The UK’s privacy watchdog, the Information Commissioner’s Office, reports increased public awareness of privacy and information rights issues

New laws and high-profile investigations have helped put data protection and privacy at the centre of the UK public’s consciousness, according to the Information Commissioner’s Office (ICO).

“This is an important time for privacy rights, with a new legal framework and increased public interest,” information commissioner Elizabeth Denham wrote in the foreword to the ICO’s latest annual report.

“Transparency and accountability must be paramount, otherwise it will be impossible to build trust in the way that personal information is obtained, used and shared online,” she said.

Denham said her second year in the role had been “one of increasing activity and challenging actions, some unexpected, for the office”.

As well as extensive work helping the public and organisations of all sizes prepare for the General Data Protection Regulation (GDPR), and providing expert advice to government during the passage of the Data Protection Act 2018 through Parliament, she said the ICO also experienced unprecedented demand for its casework on data protection and freedom of information (FoI).

The ICO dedicated “significant resources” to the drafting of the Data Protection Bill and to making amendments during its parliamentary passage, the report said, including amendments where the ICO believed the law needed strengthening, such as around the ICO’s investigative powers.

The report highlights the ICO work with the public, showing that in the 12 months to 31 March 2018, there was a “significant increase” in data protection complaints (up 15%), self-reported breaches (up 30%) and FoI complaints (up 5%).

Against this increased demand, the report said the ICO closed more cases than in any other year.

“The ability of our staff to handle this increased workload demonstrates our ability to adjust and expand to increased demand for our regulatory services,” said Denham.
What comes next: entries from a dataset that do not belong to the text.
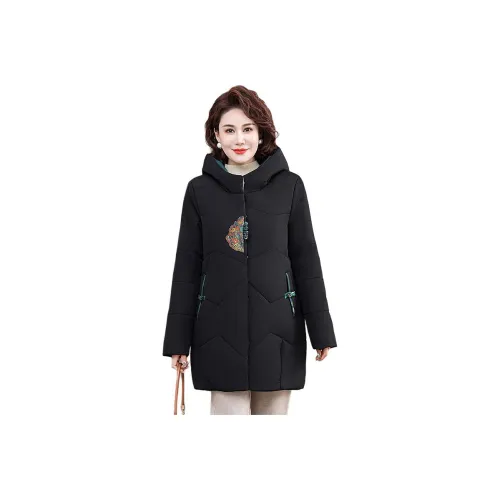 Shuhao Bai Женские Средний Возраст Пожилой Топы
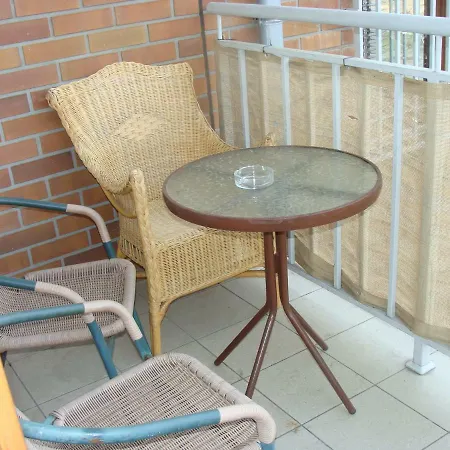 Swinoujscie-platan Apartmán *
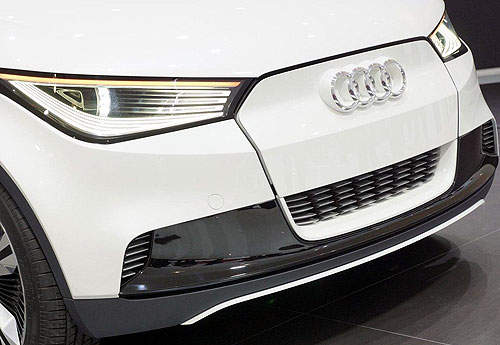 量產計畫喊卡《Audi A2》似乎無緣重出江湖了~(嘆) 量產計畫喊卡《Audi A2》似乎無緣重出江湖了~(嘆)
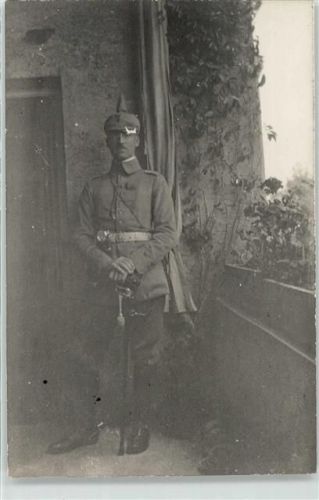 Amiens 1914 WK I Uniform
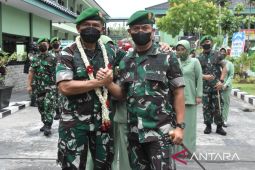 Gubernur Isran Noor ajak Danrem 091/ASN dukung pembangunan IKN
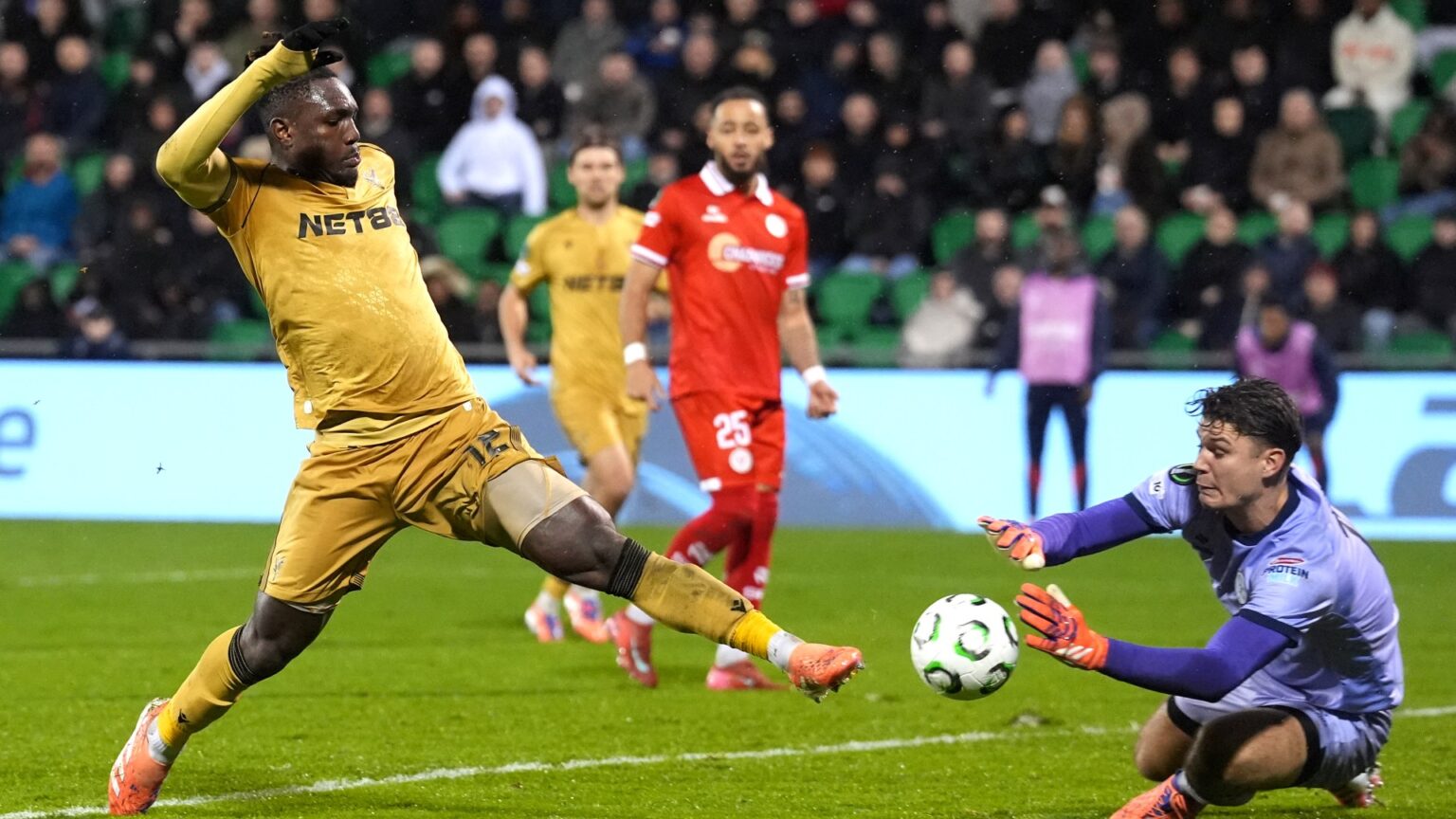 Pino runs the show as Glasner’s side in cruise control against Northern Irish opponents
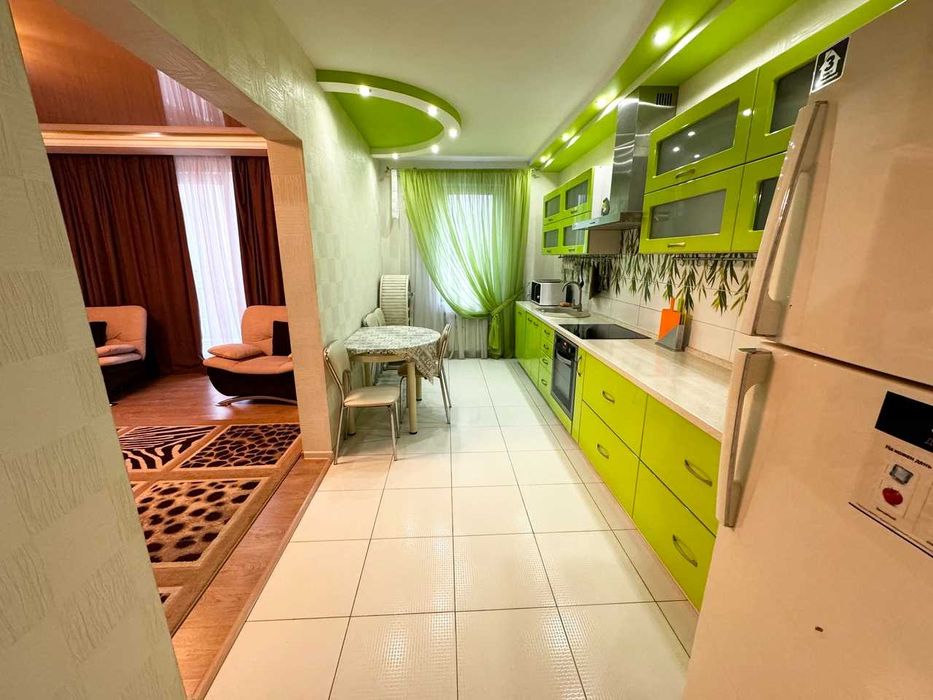 Продам 3-к квартиру (100м2)  в ЖК Олимпик-2, ж/м Слобожанское/Днепр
“This should reassure UK citizens that the ICO will be up to the challenge of handling their concerns well into the future, even if caseloads rise as our projections indicate.”

In terms of enforcing data protection law, the report said the ICO issued the largest number and highest value of civil monetary penalties in its history.

This included 26 penalties totalling £3.28m for breaches of electronic marketing laws; 11 fines totalling £1.29m for serious security failures under the Data Protection Act 1998; 11 fines to charities totalling £138,000 for unlawfully processing personal data; an £80,000 fine issued to a data broking organisation; and 19 criminal prosecutions resulting in 18 convictions. A further six cautions were issued and 11 search warrants were executed.

In terms of advice to organisations, the report said the ICO continued to engage with organisations in the public, private and third sectors to promote compliance with the laws on information rights.

The ICO also undertook 26 new audits, 24 follow-up audits, 43 information risk reviews and 56 advisory visits with small and medium-sized enterprises (SMEs).

The report said the ICO continues to play a leading role in European and global policy and enforcement networks, supporting a new International Strategy.

The report also highlights the ICO’s increased focus on cyber incidents, including a new Technology Strategy and the ICO Grants Programme to support independent research.

“I believe the data and evidence in this report indicates the ICO is the proactive digital regulator the UK needs for the ongoing challenges of upholding information rights in the digital world,” said Denham.